The 568-foot tower’s high-end amenities include 53rd-floor resident lounges and roof terraces with jaw-dropping views of the East River curving around the Lower East Side plus Brooklyn landmarks of all sorts. On the third floor, there’s a huge gym with space for fitness classes and an outdoor movie-screening area where indie films will be shown with directors’ talks afterwards.
Tenants must pay an amenity fee for access to the gym, fitness classes and film screenings. The property’s low-income residents will get a mandated statutory discount of 10 percent on the amenity fee.
“What drives the ability to provide affordable housing in New York City is the ability to set market-rate rents as high as you can. Super-duper amenities help,” Picket said.
“We’re getting our asking rents,” he added. “So far, so good.”
Long live art
A digression about the building’s design: Picket didn’t want The Ashland to be a glass tower. It’s built with a lot of brick.
The colors of the brick are brownstone and limestone, inspired by Fort Greene rowhouses, Barclays Center and BAM’s Beaux Arts-style Peter Jay Sharp Theater, Daniel Kaplan of FXFOWLE Architects, The Ashland’s designer, said in 2013, as we’ve previously reported.
Also, Picket said during our interview, “recessed windows add texture to the façade. It’s a more costly way to build. I hope people notice.”
Another subject: We asked Picket to talk about The Ashland’s location within the Brooklyn Cultural District.
“It’s so energizing,” he said.
“I love Lincoln Center — we’re big supporters,” Picket explained.
“But I love being around here [in the Brooklyn Cultural District] because of the organic nature of it.
“There’s a dance company here, somebody blowing glass there.

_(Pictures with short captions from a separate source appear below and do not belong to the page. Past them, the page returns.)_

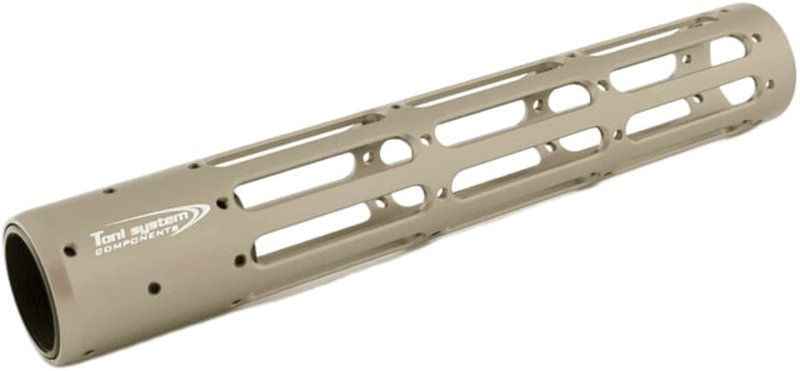 Toni System AR9 Handguard 3 Slots - Length 250mm (Sand)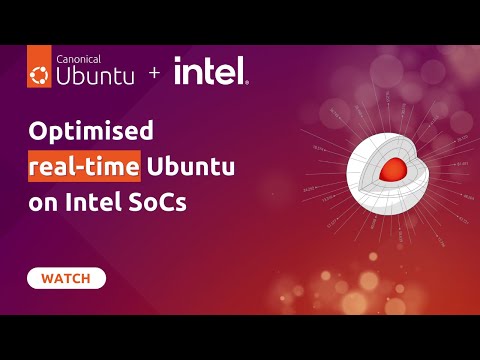 Optimised real-time Ubuntu on Intel SoCs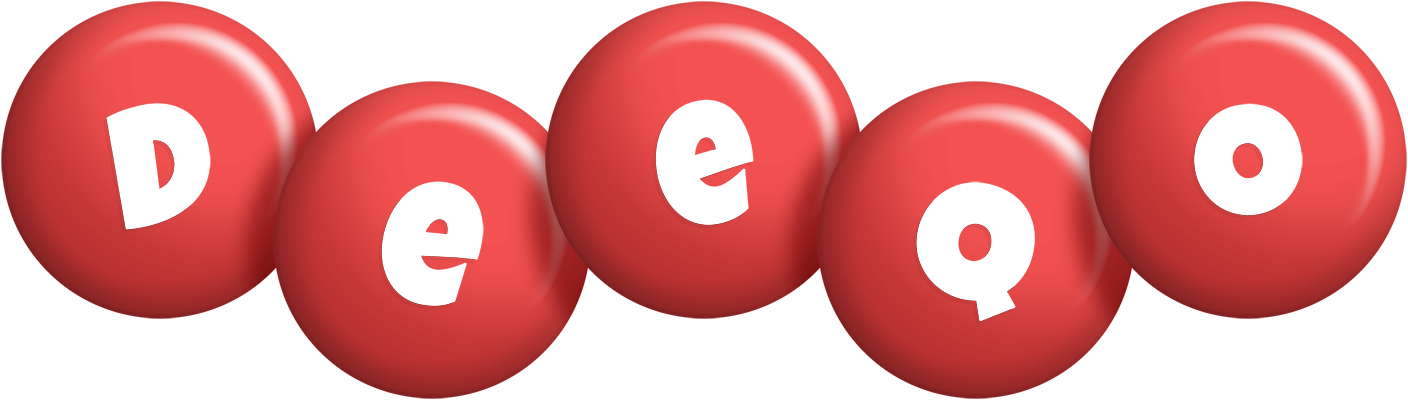 Deeqo candy-red logo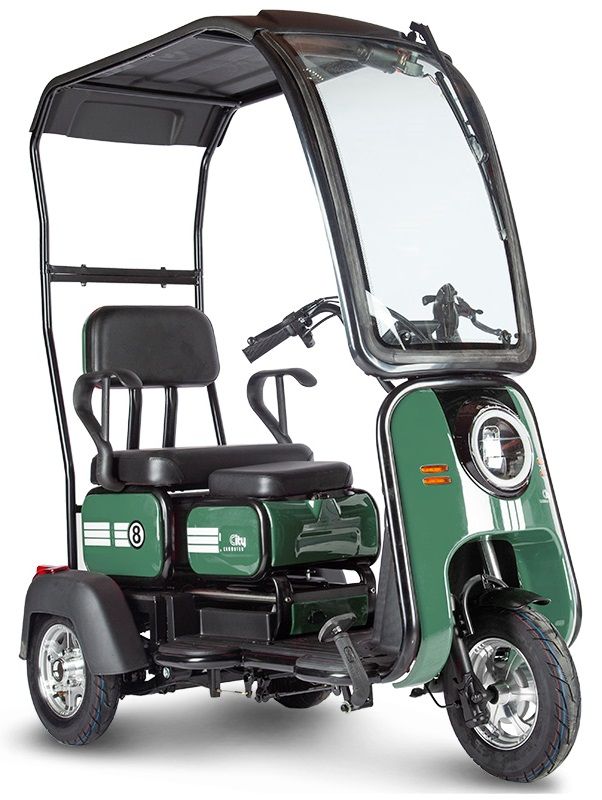 Электротрицикл Rutrike Куб с кабиной Электротрицикл Rutrike Куб с кабиной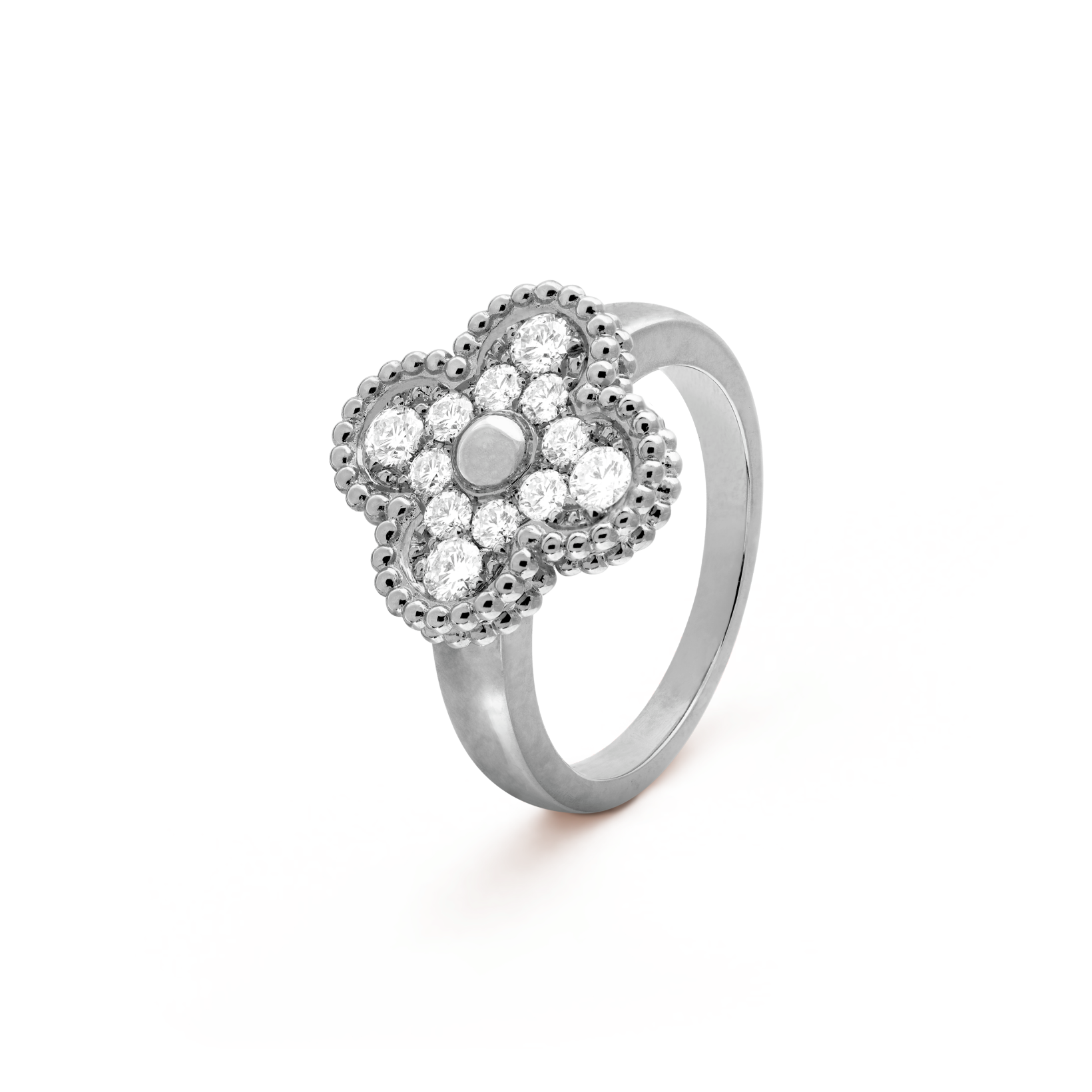 [Lumi Jewels]CLOVER DIAMOND RING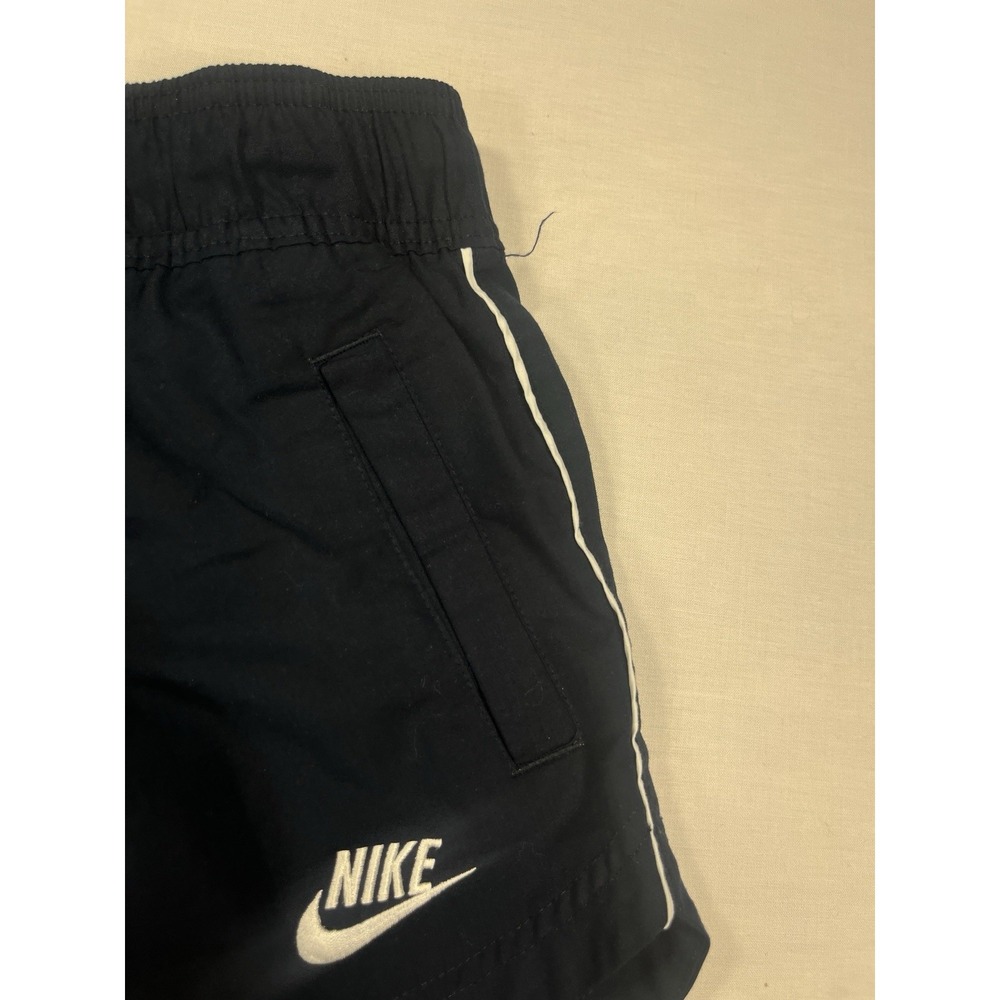 Nike Sportswear Women's Running Shorts Navy Blue Size L (12-14) - Picture 7 of 8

It’s what makes New York great — the ‘What is it doing on this block?’ feeling you get.”
To encourage The Ashland’s tenants to enjoy their neighborhood, Gotham Organization is handing out “cultural passes” entitling them to perks and discounts from local arts organizations including TFANA , Mark Morris Dance Group and others.
By the way, Picket is a member of BAM’s Board of Trustees.
He and Holland gave us a tour of The Ashland. We saw spacious, light-filled apartments that made us feel so serene. The tremendous views made our heart race.
On the building’s first floor, interior buildouts of the food hall’s vendor spaces were being done.
The 16,000-square-foot Gotham Market at The Ashland, as it’s called, will occupy all the ground-floor retail space in the building. There will be basement space for food prep.
Gotham Organization is an experienced hand at food halls. Its development Gotham West on W. 45th Street in Hell’s Kitchen has one called Gotham West Market that website New York Eater says is “wildly popular.”
John Stage, the founder of Dinosaur Bar-B-Que, will be well-represented at The Ashland’s food hall. An Italian restaurant he owns, Apizza Regionale, will have a pizza oven made from clay from Mount Vesuvius, Holland told us.
Stage’s other eateries at Gotham Market at The Ashland will be a rotisserie-inspired restaurant called Flip Bird, a breakfast counter called Egg at The Bird and a watering hole called Bar Granger.